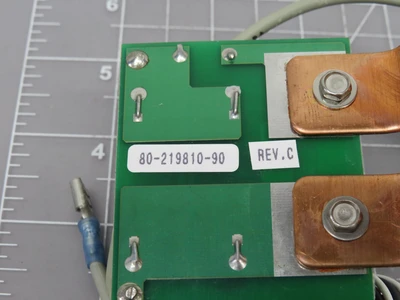 New | in-Stock SOLIDSTATE CONTROLS _UNKNOWN_ Circuit Boards | OCO Industrial #1617098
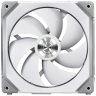 Вентилятор для корпуса UNI FAN SL ARGB White V1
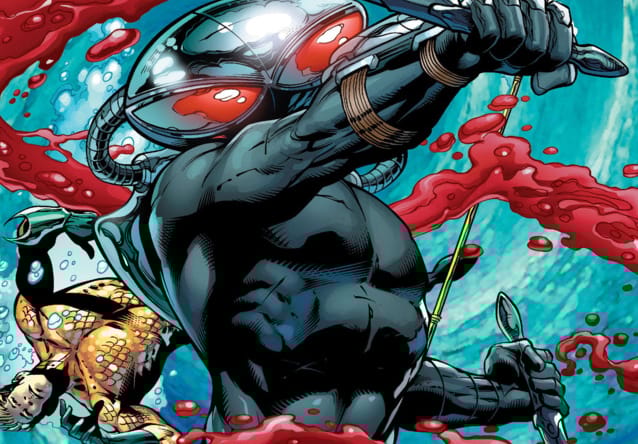 10-black-manta.w638.h638.jpg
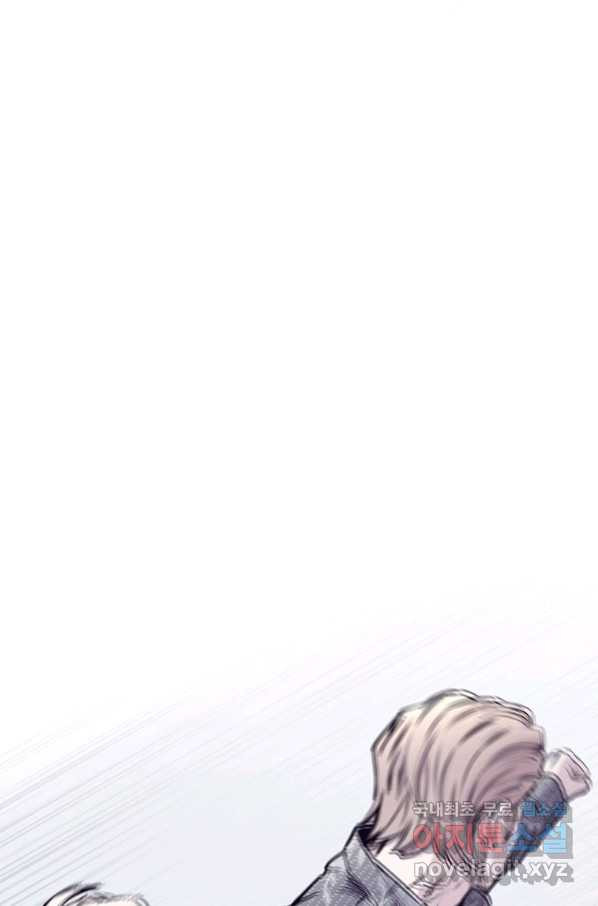 1654918285174ejnuhn2vevs.jpeg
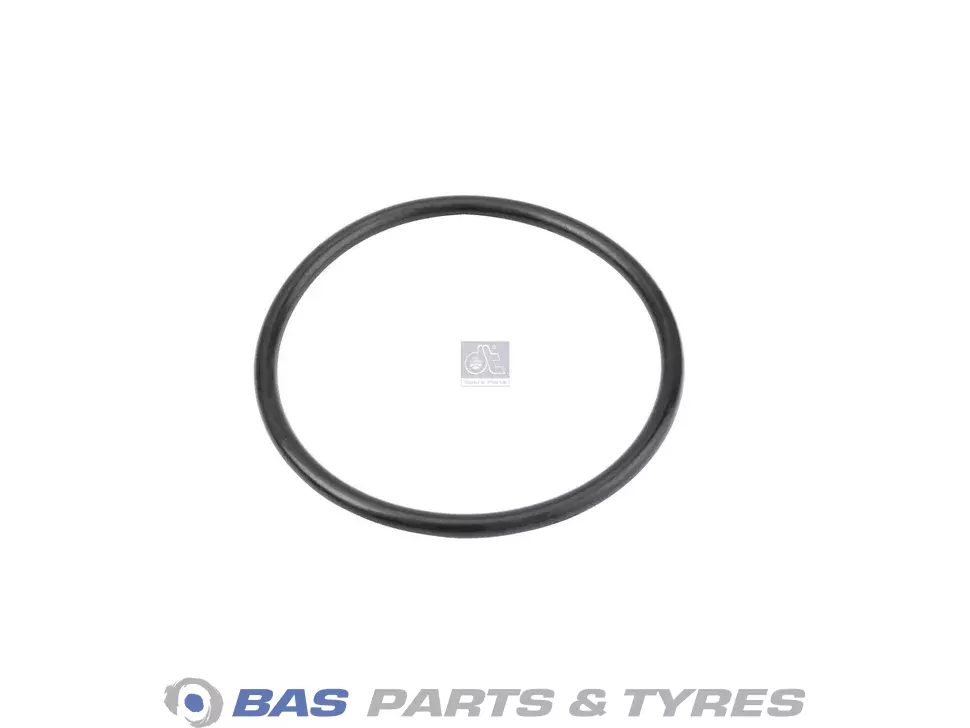 O-prsten DT Spare Parts 5003065068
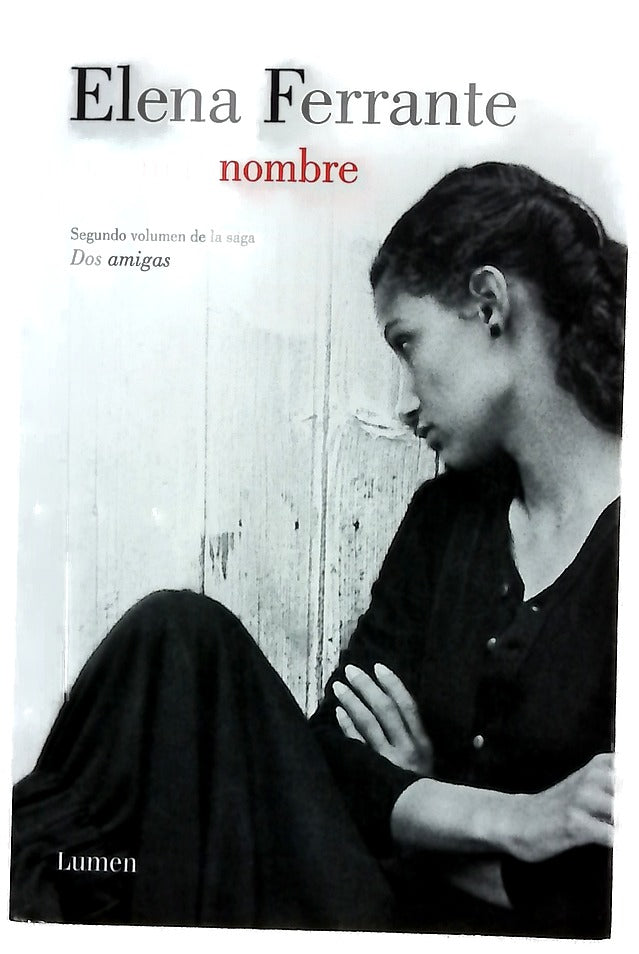 Un mal nombre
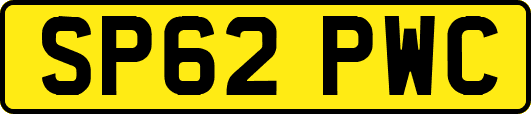 SP62PWC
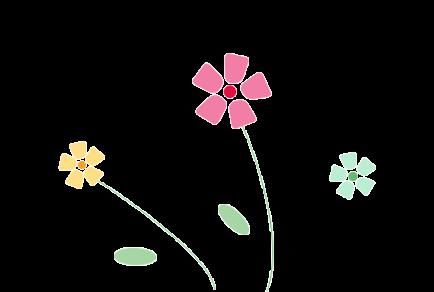  家乡|【夜读】家乡“六月六”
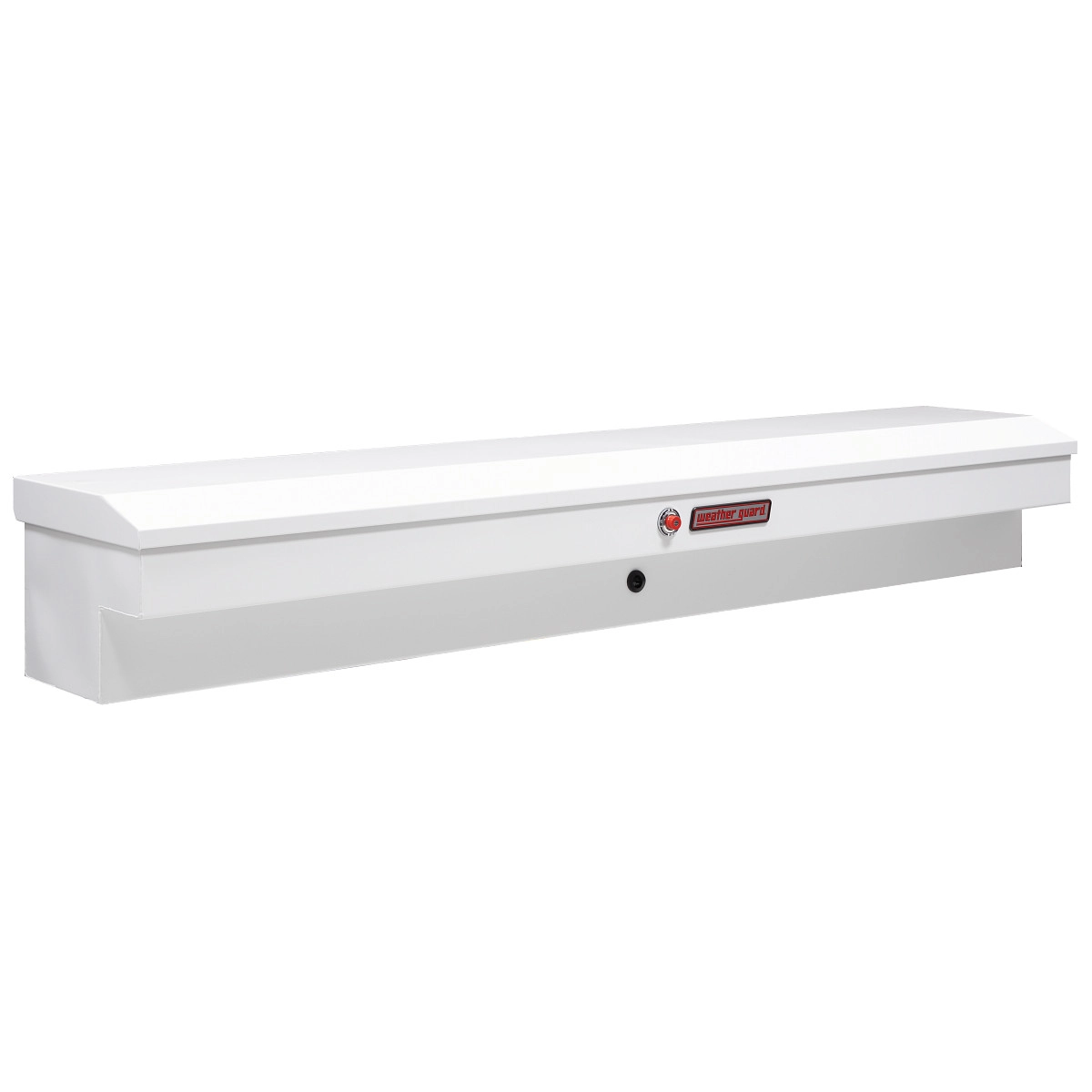 Lo-Side Long 87.75L X 16.5W X 13.25H Lo-Side Box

--- --- ---

# What the task asks:
Copy out every entry above word for word; omit the images.

# Answer for this exercise:
 New | in-Stock SOLIDSTATE CONTROLS _UNKNOWN_ Circuit Boards | OCO Industrial #1617098
 Вентилятор для корпуса UNI FAN SL ARGB White V1
 10-black-manta.w638.h638.jpg
 1654918285174ejnuhn2vevs.jpeg
 O-prsten DT Spare Parts 5003065068
 Un mal nombre
 SP62PWC
  家乡|【夜读】家乡“六月六”
 Lo-Side Long 87.75L X 16.5W X 13.25H Lo-Side Box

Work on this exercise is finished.